Metadata-Version: 2.4
Name: txgraffiti
Version: 0.1.0
Summary: A Python package for automated mathematical conjecturing
Home-page: https://github.com/RandyRDavila/txgraffiti2
Author: Randy Davila, Jillian Eddy
License: MIT License
        
        Copyright (c) 2025 Randy Davila
        
        Permission is hereby granted, free of charge, to any person obtaining a copy of this software and associated documentation files (the “Software”), to deal in the Software without restriction, including without limitation the rights to use, copy, modify, merge, publish, distribute, sublicense, and/or sell copies of the Software, and to permit persons to whom the Software is furnished to do so, subject to the following conditions:
        
        The above copyright notice and this permission notice shall be included in all copies or substantial portions of the Software.
        
        THE SOFTWARE IS PROVIDED “AS IS”, WITHOUT WARRANTY OF ANY KIND, EXPRESS OR IMPLIED, INCLUDING BUT NOT LIMITED TO THE WARRANTIES OF MERCHANTABILITY, FITNESS FOR A PARTICULAR PURPOSE AND NONINFRINGEMENT. IN NO EVENT SHALL THE AUTHORS OR COPYRIGHT HOLDERS BE LIABLE FOR ANY CLAIM, DAMAGES OR OTHER LIABILITY, WHETHER IN AN ACTION OF CONTRACT, TORT OR OTHERWISE, ARISING FROM, OUT OF OR IN CONNECTION WITH THE SOFTWARE OR THE USE OR OTHER DEALINGS IN THE SOFTWARE.
        
Project-URL: Homepage, https://github.com/RandyRDavila/txgraffiti2
Project-URL: Documentation, https://txgraffiti.readthedocs.io
Requires-Python: >=3.8
Description-Content-Type: text/markdown
License-File: LICENSE
Requires-Dist: pandas
Requires-Dist: numpy
Requires-Dist: scipy
Requires-Dist: pulp
Dynamic: home-page
Dynamic: license-file
Dynamic: requires-python

# TxGraffiti: Automated Conjecture Generation Library for Python

[![Docs](https://img.shields.io/readthedocs/txgraffiti2)](https://txgraffiti2.readthedocs.io/en/latest/)
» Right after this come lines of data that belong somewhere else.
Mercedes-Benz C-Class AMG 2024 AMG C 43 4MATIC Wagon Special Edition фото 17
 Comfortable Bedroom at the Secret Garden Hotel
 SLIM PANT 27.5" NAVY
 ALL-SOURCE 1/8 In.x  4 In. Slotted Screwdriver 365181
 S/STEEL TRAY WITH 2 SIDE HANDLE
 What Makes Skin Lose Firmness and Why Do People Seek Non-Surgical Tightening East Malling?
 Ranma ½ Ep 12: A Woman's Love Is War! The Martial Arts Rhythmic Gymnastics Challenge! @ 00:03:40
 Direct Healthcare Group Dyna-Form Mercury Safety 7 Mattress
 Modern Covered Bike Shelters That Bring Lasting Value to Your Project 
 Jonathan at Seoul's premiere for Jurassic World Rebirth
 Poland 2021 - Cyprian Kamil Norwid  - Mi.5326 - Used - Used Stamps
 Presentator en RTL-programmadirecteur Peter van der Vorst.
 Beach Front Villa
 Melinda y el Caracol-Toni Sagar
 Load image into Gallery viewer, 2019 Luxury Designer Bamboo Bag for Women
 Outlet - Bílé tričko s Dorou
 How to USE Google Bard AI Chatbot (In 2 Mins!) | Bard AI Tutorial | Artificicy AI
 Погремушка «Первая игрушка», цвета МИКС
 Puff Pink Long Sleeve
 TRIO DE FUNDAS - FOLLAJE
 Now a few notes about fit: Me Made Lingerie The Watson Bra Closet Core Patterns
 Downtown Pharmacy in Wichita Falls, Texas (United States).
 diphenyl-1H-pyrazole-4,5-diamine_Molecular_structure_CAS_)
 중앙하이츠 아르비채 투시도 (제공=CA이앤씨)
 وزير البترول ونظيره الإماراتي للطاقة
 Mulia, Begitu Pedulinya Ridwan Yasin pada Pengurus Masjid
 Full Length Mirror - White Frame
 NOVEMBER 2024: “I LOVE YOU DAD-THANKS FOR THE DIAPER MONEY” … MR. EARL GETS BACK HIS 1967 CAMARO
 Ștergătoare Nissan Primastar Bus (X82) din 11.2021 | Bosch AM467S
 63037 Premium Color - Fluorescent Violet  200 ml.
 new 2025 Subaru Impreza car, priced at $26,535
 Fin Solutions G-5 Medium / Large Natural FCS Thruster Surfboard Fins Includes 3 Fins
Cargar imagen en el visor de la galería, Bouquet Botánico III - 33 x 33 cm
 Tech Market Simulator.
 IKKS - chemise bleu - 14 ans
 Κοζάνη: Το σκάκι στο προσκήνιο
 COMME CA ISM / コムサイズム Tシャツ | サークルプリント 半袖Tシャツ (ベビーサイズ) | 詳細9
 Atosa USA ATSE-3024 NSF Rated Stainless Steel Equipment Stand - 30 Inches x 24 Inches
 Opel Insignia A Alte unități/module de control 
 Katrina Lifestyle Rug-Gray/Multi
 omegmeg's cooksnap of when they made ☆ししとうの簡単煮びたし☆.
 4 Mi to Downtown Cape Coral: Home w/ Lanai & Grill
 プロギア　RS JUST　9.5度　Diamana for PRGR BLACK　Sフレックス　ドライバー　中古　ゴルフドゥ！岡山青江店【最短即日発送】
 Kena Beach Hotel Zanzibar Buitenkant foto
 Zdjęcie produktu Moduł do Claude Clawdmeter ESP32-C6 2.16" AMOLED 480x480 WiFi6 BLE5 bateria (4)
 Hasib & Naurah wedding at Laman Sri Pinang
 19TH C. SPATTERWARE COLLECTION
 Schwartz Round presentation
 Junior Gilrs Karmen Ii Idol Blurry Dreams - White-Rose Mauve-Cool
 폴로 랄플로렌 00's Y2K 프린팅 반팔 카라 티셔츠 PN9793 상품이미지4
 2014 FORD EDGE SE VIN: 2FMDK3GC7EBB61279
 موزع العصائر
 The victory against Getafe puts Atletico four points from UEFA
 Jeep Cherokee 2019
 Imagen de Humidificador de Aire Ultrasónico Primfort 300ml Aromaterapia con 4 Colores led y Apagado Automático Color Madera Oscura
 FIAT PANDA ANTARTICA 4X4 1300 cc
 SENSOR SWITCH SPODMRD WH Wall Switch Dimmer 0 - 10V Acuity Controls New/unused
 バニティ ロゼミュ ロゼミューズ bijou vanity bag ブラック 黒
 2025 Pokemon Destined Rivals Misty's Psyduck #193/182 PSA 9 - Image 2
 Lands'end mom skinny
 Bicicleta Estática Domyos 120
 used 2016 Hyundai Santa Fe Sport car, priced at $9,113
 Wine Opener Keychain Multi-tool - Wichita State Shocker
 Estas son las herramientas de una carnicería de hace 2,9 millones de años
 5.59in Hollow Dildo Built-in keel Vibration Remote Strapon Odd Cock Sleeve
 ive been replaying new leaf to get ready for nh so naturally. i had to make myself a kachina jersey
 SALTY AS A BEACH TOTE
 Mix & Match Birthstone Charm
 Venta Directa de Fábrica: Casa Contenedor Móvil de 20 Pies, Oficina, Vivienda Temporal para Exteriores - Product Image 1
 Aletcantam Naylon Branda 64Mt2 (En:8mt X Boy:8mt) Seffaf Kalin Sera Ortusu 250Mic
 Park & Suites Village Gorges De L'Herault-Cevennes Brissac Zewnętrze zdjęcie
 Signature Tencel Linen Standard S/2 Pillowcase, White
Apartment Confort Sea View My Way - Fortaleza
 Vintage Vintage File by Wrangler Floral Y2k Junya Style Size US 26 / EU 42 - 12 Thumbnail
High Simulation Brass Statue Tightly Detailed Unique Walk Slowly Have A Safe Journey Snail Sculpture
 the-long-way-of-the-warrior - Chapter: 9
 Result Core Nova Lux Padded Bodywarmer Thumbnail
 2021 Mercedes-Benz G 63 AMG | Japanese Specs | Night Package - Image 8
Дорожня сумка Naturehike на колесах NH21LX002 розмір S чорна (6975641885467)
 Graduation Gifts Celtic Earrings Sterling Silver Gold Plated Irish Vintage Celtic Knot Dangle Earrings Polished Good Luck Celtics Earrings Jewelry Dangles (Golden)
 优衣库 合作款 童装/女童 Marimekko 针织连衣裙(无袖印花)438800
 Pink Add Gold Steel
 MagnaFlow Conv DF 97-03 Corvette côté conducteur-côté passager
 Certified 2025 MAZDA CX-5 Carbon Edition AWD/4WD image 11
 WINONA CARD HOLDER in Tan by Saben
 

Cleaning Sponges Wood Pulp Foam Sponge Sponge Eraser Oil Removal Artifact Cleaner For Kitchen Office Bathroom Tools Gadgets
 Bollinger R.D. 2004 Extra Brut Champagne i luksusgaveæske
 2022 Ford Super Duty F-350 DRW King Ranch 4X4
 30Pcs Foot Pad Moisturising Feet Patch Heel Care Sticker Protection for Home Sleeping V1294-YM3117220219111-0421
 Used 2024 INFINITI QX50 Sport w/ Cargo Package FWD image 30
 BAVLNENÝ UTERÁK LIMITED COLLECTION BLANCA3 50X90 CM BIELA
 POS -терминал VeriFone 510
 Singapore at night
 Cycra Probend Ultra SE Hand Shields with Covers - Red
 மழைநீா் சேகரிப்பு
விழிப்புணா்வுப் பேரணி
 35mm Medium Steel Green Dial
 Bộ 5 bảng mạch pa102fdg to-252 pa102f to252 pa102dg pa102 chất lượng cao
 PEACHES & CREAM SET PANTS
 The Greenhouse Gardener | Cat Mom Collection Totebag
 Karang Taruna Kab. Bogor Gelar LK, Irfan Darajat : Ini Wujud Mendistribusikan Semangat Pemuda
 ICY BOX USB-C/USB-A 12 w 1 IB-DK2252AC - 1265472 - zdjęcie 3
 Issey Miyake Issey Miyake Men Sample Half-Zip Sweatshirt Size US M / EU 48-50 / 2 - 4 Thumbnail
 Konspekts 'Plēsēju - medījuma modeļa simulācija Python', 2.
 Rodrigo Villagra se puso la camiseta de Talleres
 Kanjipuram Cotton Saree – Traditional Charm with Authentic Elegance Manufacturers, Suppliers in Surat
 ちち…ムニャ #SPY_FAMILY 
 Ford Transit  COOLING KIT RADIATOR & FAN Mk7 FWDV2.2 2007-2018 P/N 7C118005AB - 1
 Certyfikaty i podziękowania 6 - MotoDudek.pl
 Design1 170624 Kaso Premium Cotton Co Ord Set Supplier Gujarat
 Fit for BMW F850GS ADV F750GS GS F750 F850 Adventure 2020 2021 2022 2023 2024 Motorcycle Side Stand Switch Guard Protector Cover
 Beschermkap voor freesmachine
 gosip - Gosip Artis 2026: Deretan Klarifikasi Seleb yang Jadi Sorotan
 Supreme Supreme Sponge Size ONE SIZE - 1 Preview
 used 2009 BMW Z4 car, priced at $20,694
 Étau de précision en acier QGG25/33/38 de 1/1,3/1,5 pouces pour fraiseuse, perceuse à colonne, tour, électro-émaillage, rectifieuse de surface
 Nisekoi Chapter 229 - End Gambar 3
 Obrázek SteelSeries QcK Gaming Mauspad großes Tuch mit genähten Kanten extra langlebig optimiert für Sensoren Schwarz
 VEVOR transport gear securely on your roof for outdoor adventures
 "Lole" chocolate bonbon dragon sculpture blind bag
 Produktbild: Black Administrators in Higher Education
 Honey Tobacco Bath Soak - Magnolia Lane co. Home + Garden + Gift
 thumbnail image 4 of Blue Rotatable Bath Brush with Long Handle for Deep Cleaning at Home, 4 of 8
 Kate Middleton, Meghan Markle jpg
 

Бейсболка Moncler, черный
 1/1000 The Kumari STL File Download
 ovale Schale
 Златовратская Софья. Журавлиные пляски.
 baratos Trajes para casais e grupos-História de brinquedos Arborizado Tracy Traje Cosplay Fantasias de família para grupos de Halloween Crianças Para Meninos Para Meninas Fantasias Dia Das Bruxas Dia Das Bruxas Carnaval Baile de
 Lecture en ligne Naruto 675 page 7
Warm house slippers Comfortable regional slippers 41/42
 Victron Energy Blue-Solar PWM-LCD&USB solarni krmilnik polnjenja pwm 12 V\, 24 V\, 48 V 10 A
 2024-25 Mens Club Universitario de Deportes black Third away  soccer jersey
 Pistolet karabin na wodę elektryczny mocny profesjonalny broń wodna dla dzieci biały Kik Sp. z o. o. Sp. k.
**TxGraffiti** is a Python package for building, evaluating, and refining mathematical conjectures over tabular data (e.g., graph invariants). It provides a clean, composable API for:

* **Numeric expressions** (`Property`): lift columns or constants into first‑class objects supporting `+, -, *, /, **`.
* **Boolean predicates** (`Predicate`): define row‑wise tests and combine them with `∧`, `∨`, and `¬`.
* **Inequalities** (`Inequality`): compare `Property` objects to generate rich, named predicates, with helper methods for slack and touch counts.
* **Implications** (`Conjecture`): express and verify if a hypothesis implies a conclusion, with methods for accuracy, counterexample extraction, and more.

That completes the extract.